Why on earth would anyone here at Today's book of poetry be totally enthralled with these dark and somber poems?  Of course you all know Milo, resident technician and the last of the true Gothpunkblackheartmetalheads, he's been running around the office all morning showing off his new "DESOLATION" tattoo and dancing with Burgham's Midnight in his greasy paws.  "Best love letters I've ever read, best dark heart!"  At least I think that's what he is muttering.  With Milo it is often hard to tell.

Myself, I loved the foot on the gas feel of these poems.  No prisoners.  Burgham takes on Al Purdy, invokes Pablo Neruda and travels to the four corners of the earth to bring us his sad tales of a search for the end to love.  The thinking here is that it is a search for a new beginning and you can't be any more optimistic than that.  Even covered by all that dark.

The Sisters of Crucifixion
Dublin

The sisters pray between the world and its maker,
choosing to avoid the weaving of a history
with the dwindling threads of the limits and dreams of our time,
wearing short skirts and high heels under their habits.
They are in a sense dead.
If there is a moment to slip hard thought under their scapulae,
with permission and desire, I'll practice the sweet art
of blasphemy as all poets do.
My philosophy is change,
my weapon is corrosive thought.

We are subversives,
birds who pare our beaks
on the stone of the tomb.
We make poems from secrets disentangled from our lives.

...

Ian Burgham gets his hooks into the reader early on and doesn't let go.  Good on him.  Midnight is fierce intelligence and intense emotion hitting that black wall.  This is romantic realism and pragmatic confessional, rue and regret with considerable gravity.

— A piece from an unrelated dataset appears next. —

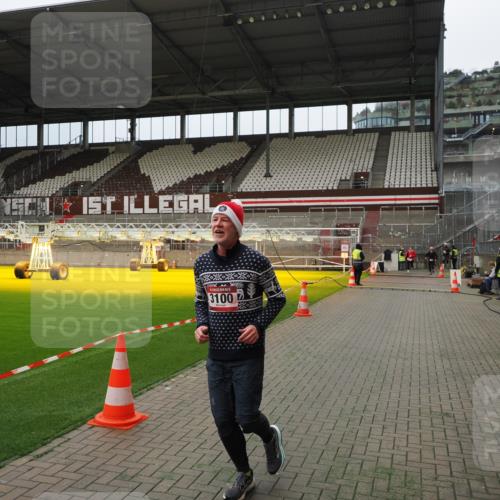 07.12.2025 - St. Pauli X-Mass-Run No. 15 Fabian Wolf http://msf.ph/oto/9397229 07.12.2025 10:43:47 Ziel 74, 84, 706, 1913, 2487, 2647, 2767, 3100, 4095, 4096 meine-sportfotos.de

I'll leave the last words to Burgham, TBOP loves the way this man talks, this is the last verse of the last poem in the collection, "Journey's End":

     Can we agree to this?
     Kiss me because we have been loved,
     and are forgotten.
     time is our end
     and within that end there's only joy and wonder and a poem,
     that great run of incendiary words.

Ian Burgham

ABOUT THE AUTHOR
Ian Burgham is the author of three highly acclaimed poetry collections: A Confession of Birds (MacLean Dubois), The Stone Skippers (Tightrope Books), and The Grammar of Distance (Tightrope Books). Burgham was awarded the Queen’s University Poetry Award, and nominated for the Relit Award forThe Stone Skippers. His work has appeared in many literary journals, including The Literary Review of Canada, Dalhousie Review, Queen’s Quarterly, Journal of the Poet’s Union of Australia, The New Quarterly, Prairie Fire, Antigonish Review and others.

BLURBS
"Ian Burgham's poetry is highly evocative, thoughtful and at times haunting. His range is a wide one, moving from recollected personal moments to more general reactions to nature and the human world... In this collection we see him at his best, demonstrating once more that he is one of the finest poets writing in Canada."
     - Alexander McCall Smith

"The thrust of this collection, in its amplitude, is Byronic if not Homeric. Ian Burgham's grasp is equal to his reach, and his reach encompasses the globe with flying, eye-catching images. Seven league boots would hobble the free flight of these memorable verses."